This Quantum Computer Could Be 20,000 Times Faster Than Anything Before

Quantum computing is one of those technologies where real-world applications always seem to lie just over the horizon. The next big thing is announced before quickly becoming a forgotten article from yesterday's news, and the world moves on and forgets all about quantum computing. Until the next time. However, behind the scenes, these breakthroughs are not forgotten, and according to IBM, there is now a clear roadmap to building a practical and fault-tolerant quantum computer. IBM, one of the most important names in computer history, says its Quantum Starling computer will be running by 2029, and they expect it to perform 20,000 times more operations than current quantum computers. 

To get a sense of how this increase compares to traditional computers, we can examine another IBM Starling statistic. Simulating the computational state of the Starling would require the memory of a staggering quindecillion of the world's supercomputers (that's 10 followed by 48 zeros!). Perhaps "Startling" would have been a more appropriate name. According to IBM CEO Arvind Krishna, "IBM is charting the next frontier in quantum computing." However, only time will tell if this is the real breakthrough that will finally see quantum computing emerge over the horizon and into real-world applications. Let's have a closer look at IBM's quantum roadmap and the route to a practical, fault-tolerant, and scalable quantum computer. 

The Quantum Starling computer is one of the main goals of IBM's quantum computing roadmap. The system is currently being built at IBM's facility in Poughkeepsie, New York.
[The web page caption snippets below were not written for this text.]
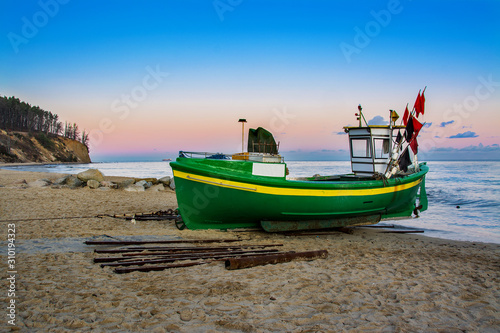 Fototapeta Naklejka Na Ścianę i Meble -  fishing boat on the beach in Gdansk, Poland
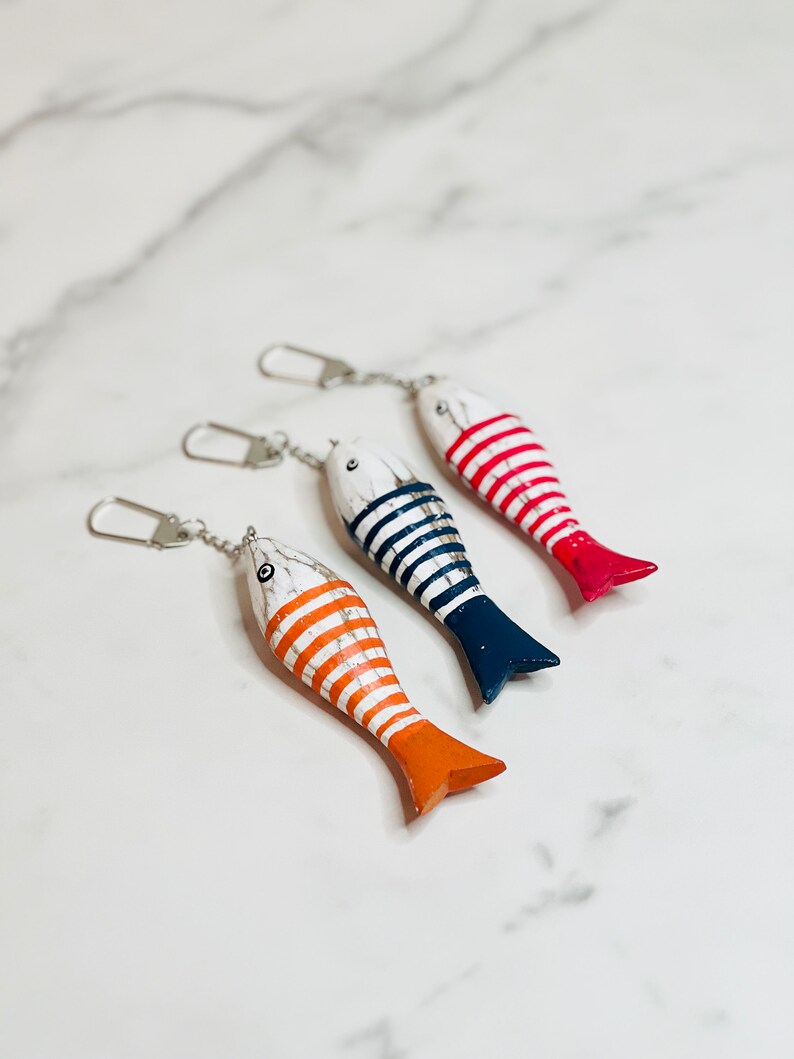 May include: Three wooden fish keychains with striped patterns. The fish are painted white with red, blue, and orange stripes. The keychains are attached to silver chains.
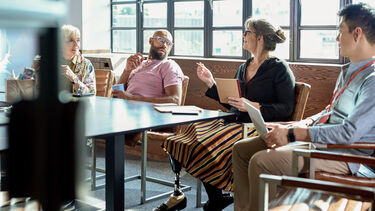 A group of people sat around a meeting room desk, one of the people has a prosthetic leg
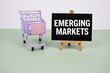 © may1985 - Emerging Markets text message and trolley shopping cart on green background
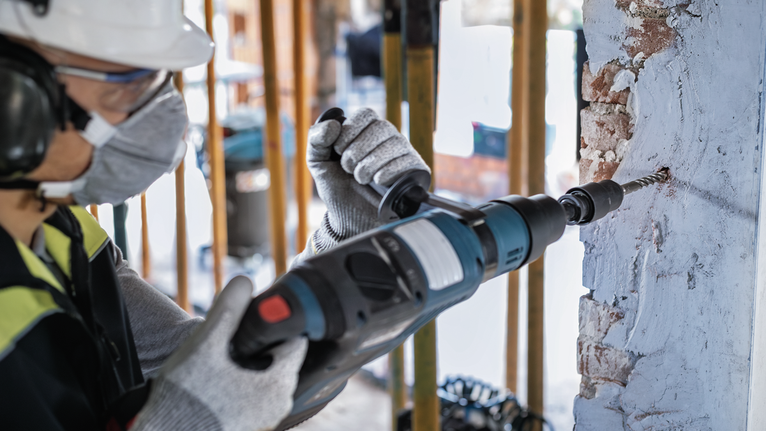 PRO Hammer Adapter, SDS max to SDS plus A person wearing safety equipment drills into a concrete wall.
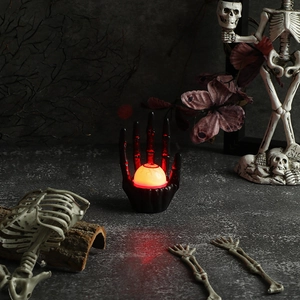 Macro view of Halloween skeleton hand holding a red glowing eyeball lamp with bloodshot detail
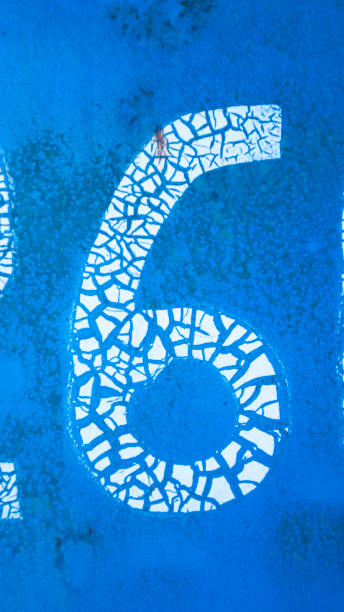istock Cracked paint number 6 on blue metal surface 1791026636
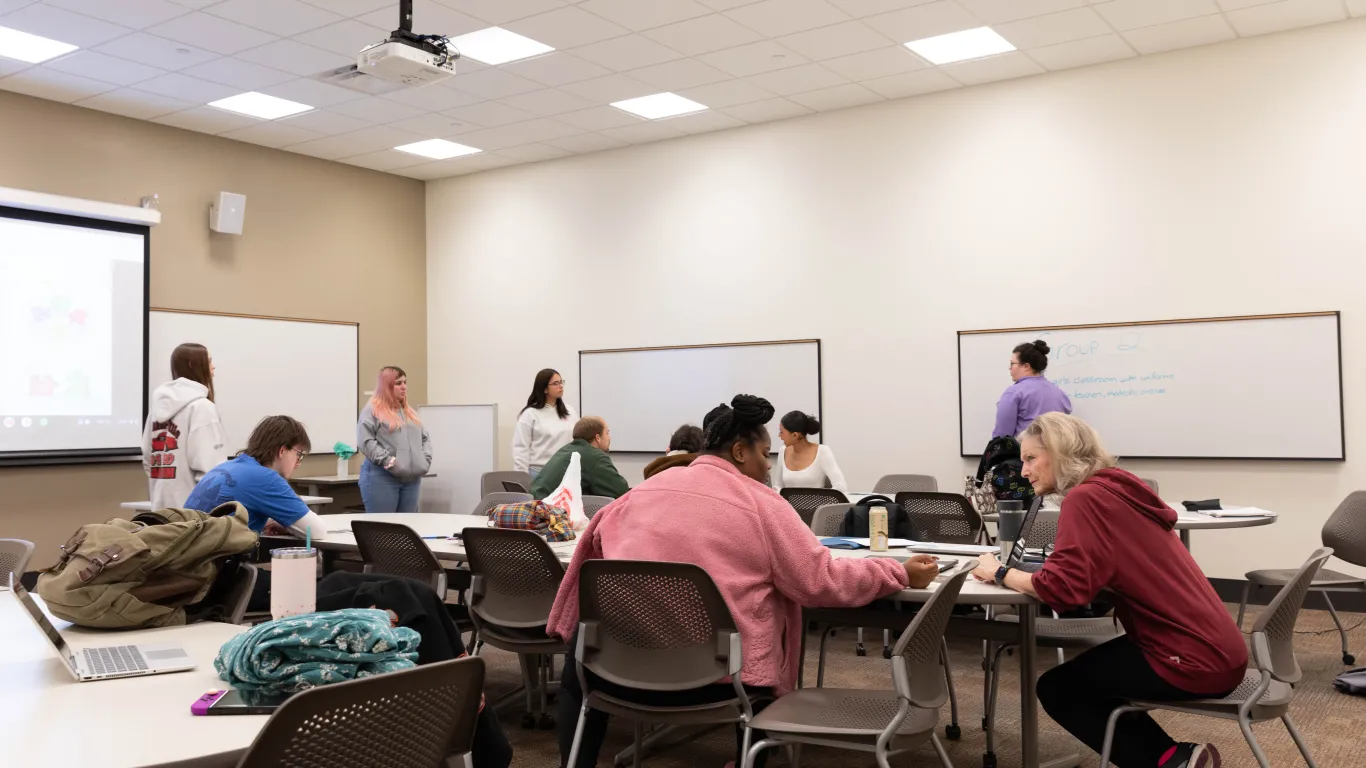 a student talking to an instructor in a classroom while other students do an activity 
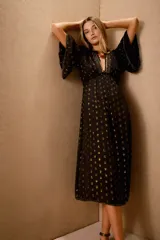 Vestido midi negro con lunares dorados, escote en V, mangas anchas al codo con bordado de lentejuelas y mostacillas. Corte amplio con ajuste elástico en la cintura y forro de algodón.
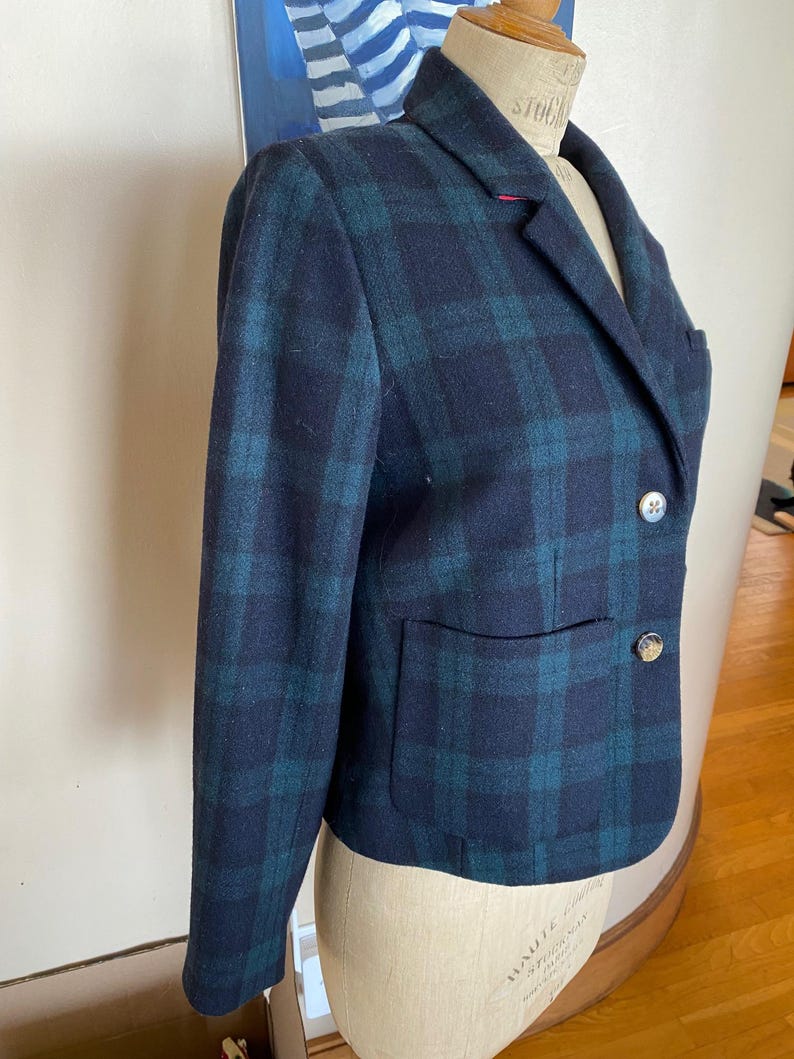 May include: A navy blue and teal plaid blazer with two decorative buttons and a single pocket. The blazer is displayed on a mannequin. The blazer has a classic, tailored design.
The large-scale, fault-tolerant computer is expected to be capable of running 100 million quantum operations using 200 logical qubits. To achieve this, IBM has set out a series of goals beginning in 2025 with the delivery of a series of quantum and high-performance computing tools (HPC) that will run on a new quantum processor called Nighthawk. By 2026, IBM aims to enable the first instance of "quantum advantage" using a quantum/HPC hybrid computer (Quantum advantage is a broad term that defines a point where quantum computers outperform classical computers.) 

The main goal for 2027 and 2028 is to improve the circuit quality to 15,000 gates and for development to continue with the ambition of delivering Starling by 2029. However, this is not the end of the company's roadmap. The Starling is to be the foundation for the next step up — the IBM Quantum Blue Jay — a machine that is expected to be able to perform a billion quantum operations over 2,000 logical qubits. This is expected to happen from 2033 onwards. These are bold goals — but to understand what they mean, it helps to step back and look at how quantum computing actually works. What exactly is a qubit, and why is it so different from the bits we know?

You don't have to be a physicist or a mathematician to understand quantum computing, but it certainly helps. However, let's see if we can break down the fundamentals of quantum computing into simple terms. Traditional computers are digital machines where a "bit" is represented by one of two states — it can either be a one or a zero. Quantum computers use qubits, which can also be a one or a zero — but with a twist. Thanks to a property called superposition, a qubit can be both at the same time. On top of that, qubits can become entangled, meaning the state of one qubit is linked to the state of another. (Best not to ask why — it's just one of those weird quantum things.)  While this may sound abstract, things get interesting when qubits work together. 

When qubits are entangled, the information they can hold grows exponentially. For example, two qubits can represent four different combinations at once, three qubits can represent eight, and so on. By the time you have 100 qubits, the number is astronomical, and this is what makes quantum computers so powerful and incredibly fast. While you're unlikely to be rushing out to buy the latest qubit iPhone any time soon, IBM expects real-world applications of such processing power to include advances in "drug development, materials discovery, chemistry, and optimization."